Gore’s alarm should be taken seriously
Al Gore has called on the nation to replace all carbon used for electricity with renewable sources within the next 10 years.
AL Gore's call for eliminating carbon from the nation's electricity grid within 10 years would seem panicky, if only he were wrong. The seriousness of global warming and the nation's dependency on oil needs to be addressed quickly and severely. Fortunately, unlike President Bush, the next president knows that.
"The survival of the United States of America" and "the future of human civilization is at stake," the former vice president warned in a speech Thursday. He said the world faces growing demand for electricity, dangerous climate changes because of carbon emissions and political instability in the oil-rich Middle East.

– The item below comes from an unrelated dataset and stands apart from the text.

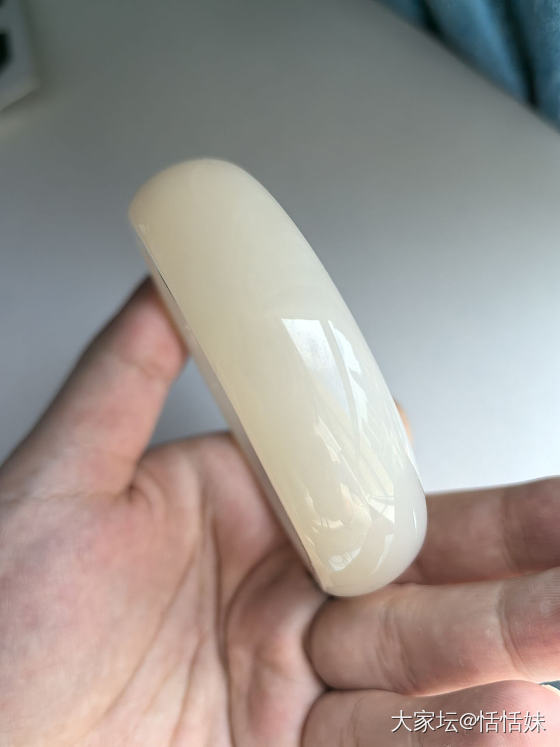 藕粉宽镯_和田玉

Gore wants to replace carbon-emitting forms of electricity within a decade, replacing them with solar, wind, geothermal or clean-coal technology, while shifting to electric cars. Hawaii is the only state that relies on oil for electricity, while half the mainland uses coal, in abundance domestically, with the rest getting by on hydroelectric and nuclear. Renewable sources produce less than 3 percent of the nation's electricity. Gore would retain nuclear power for the current 20 percent of the electricity.
Sens. Barack Obama and John McCain, the major parties' presumed nominees, agree with Gore that the nation needs to move toward energy self-sufficiency. But to reach Gore's goal in 10 years? Neither has said, "Yes we can," to that question.
Nor has Congress recognized the seriousness of the problem. Several months ago, the House rejected legislation that would have required utilities to produce 15 percent of their electricity from renewable sources by 2020. In June, the Senate was unable to muster a vote on a proposal to cut greenhouse gas emissions by nearly 70 percent by 2050. The next president must spur Congress into action.